The web browser is able to take a file like this and read it as a set of instructions on how to construct the version of the webpage you actually see. Like baking a cake from a cookbook recipe.
Here’s the thing, though… those instructions are a little… loose. There’s a defined standard dictating what those instructions are *supposed* to mean ([someone else has already mentioned it](https://www.reddit.com/r/explainlikeimfive/comments/yz39bz/eli5_why_do_some_websites_work_on_specific/iwxv5g0/)), but just like any rule or law, it’s open to some interpretation on *exactly* what it could mean. And intentionally so. The standard only tries to define the most important bits, and leaves the fine details up to whoever tries to follow the instructions.
Web browsers are programs that read those funny files and turn them into the web pages you can see. The way they go about doing that is something that each web browser development team figures out on their own, independently, from the ground-up. Ideally, they try to follow every part of that standard laid out for them, but anything else not talked about in the standard is totally up to them. This includes the way certain elements look and feel, even though on paper they all function mostly the same as all the others
Despite there being a centrally agreed-upon standard, that’s all it really is. A *standard*. Not a *rule*. The standard is less of a rulebook and more of a *goal*. The dev team for a browser should want to work on their product until it *gets* there. It might not be all of the way there. There are some parts of the standard that it simply doesn’t meet, because the devs can’t find the time to put it in, or because meeting it would require them to go back and completely redesign other choices they made in the past and they aren’t ready to make changes like that. So some features go unimplemented or unsupported for long durations of time even after many of their competitor browsers have since implemented them. This is the bulk of why certain websites work in some browsers but not others.

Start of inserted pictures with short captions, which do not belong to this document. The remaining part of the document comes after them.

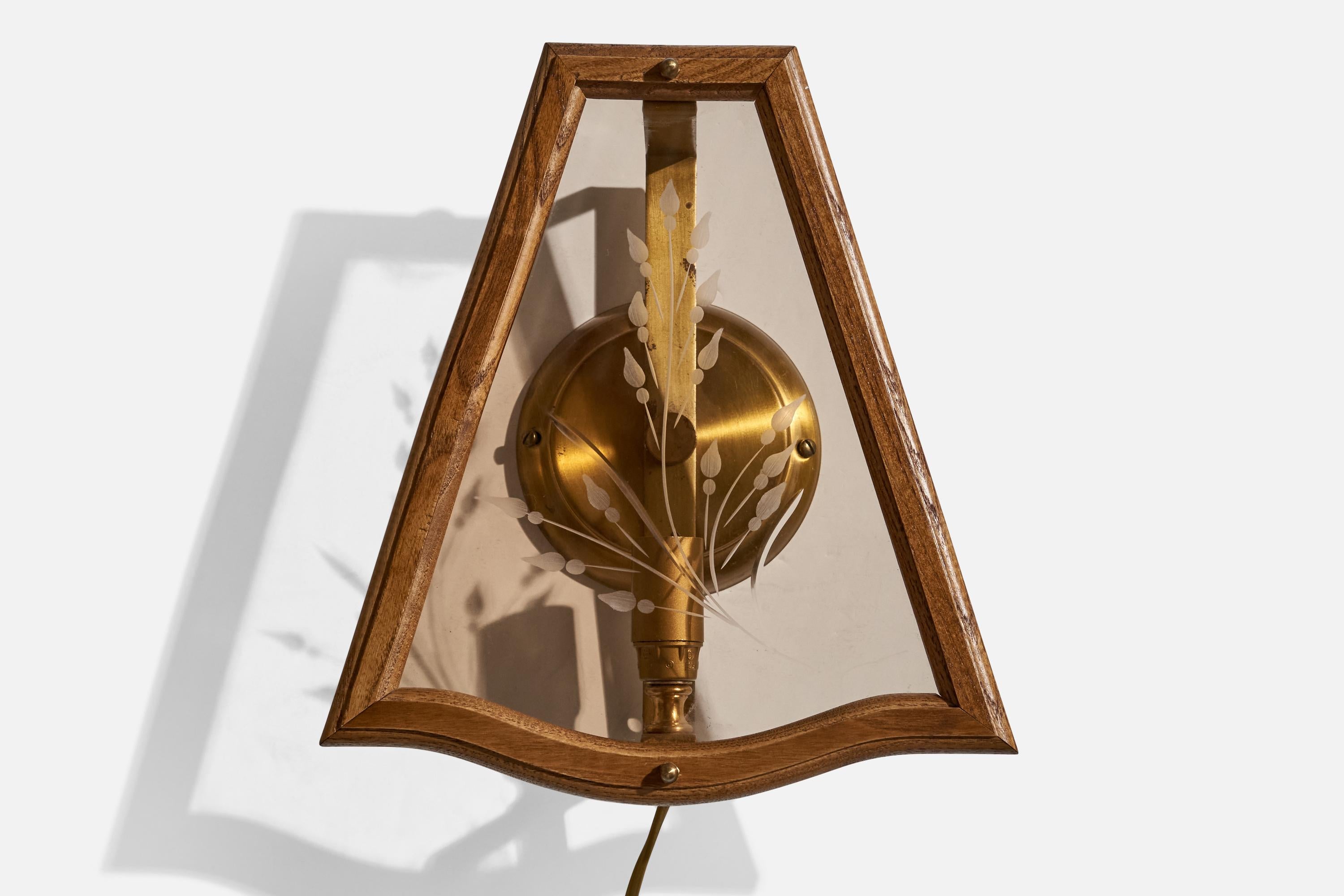 Swedish Designer, Wall Light, Brass, Glass, Oak, Sweden, 1970s In Good Condition For Sale In High Point, NC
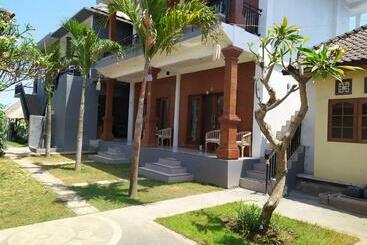 Pensió The Brick Canggu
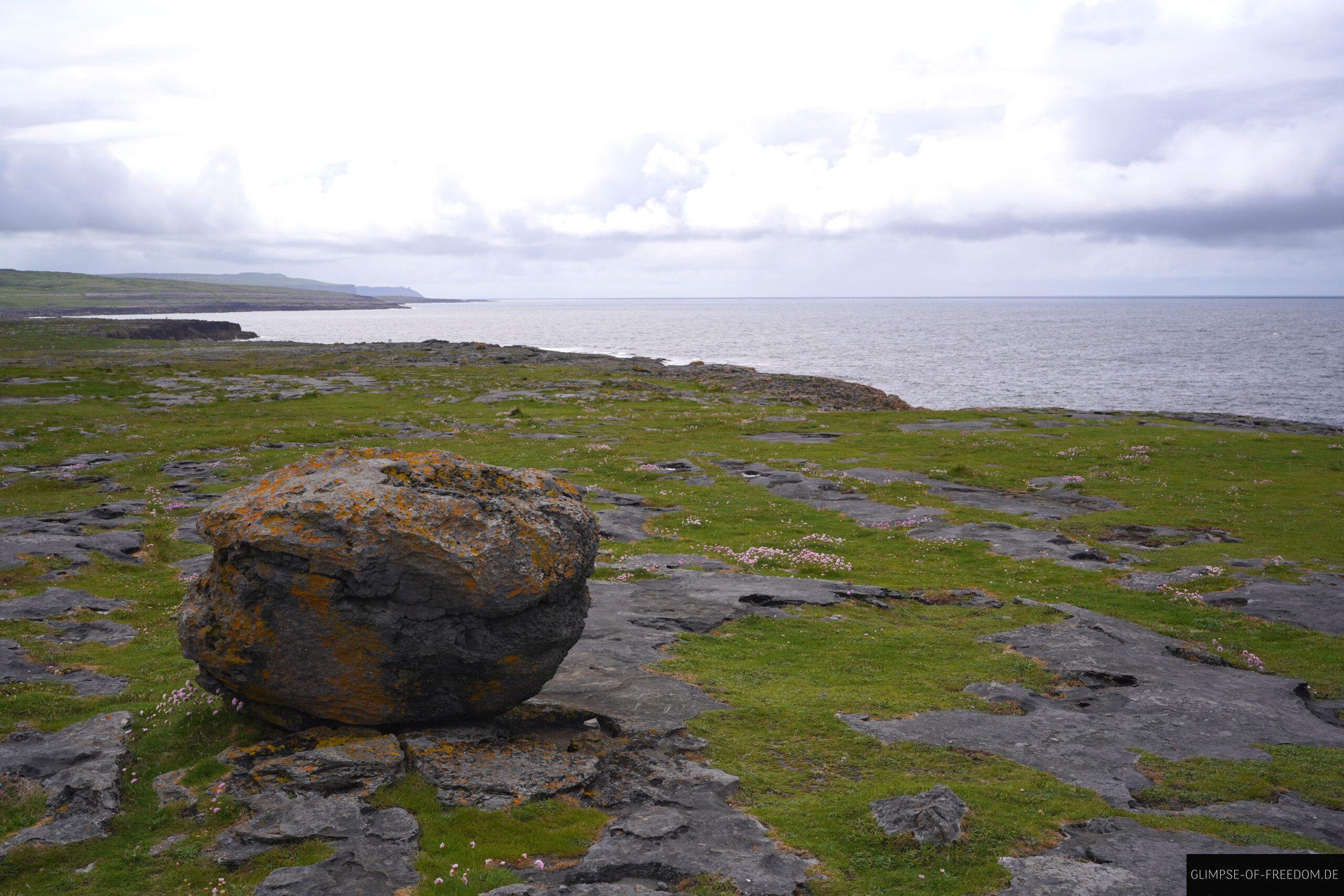 Meerblick vom Burren Scenic Drive scaled Meerblick vom Burren Scenic Drive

It gets even hairier when a web browser decides it wants to do something completely non-standard. That is, invent a totally new feature that isn’t in the standard at all. Just because it thinks it would be a cool thing to have. Website designers can take note of this, and decide to try and take advantage of those special features, because they may also think the features are cool to have. But since only one browser added them, the feature will only work in *that* browser. Any other browser that tries to access the website won’t be able to use that feature, because they didn’t implement it. Generally, most websites that want to be accessible to as many people as possible will avoid experimental browser-specific features like this, so they don’t alienate any users. If the feature proves very popular, though, the browser devs can take it up with the standards people and be like, “Hey, we had this idea and it seems really useful, can we make it part of the standard?” And they might agree. At that point, it (or some compromised version of it) becomes standardized, and other browsers will be coerced to make their own versions of it. This is one way web standards can innovate.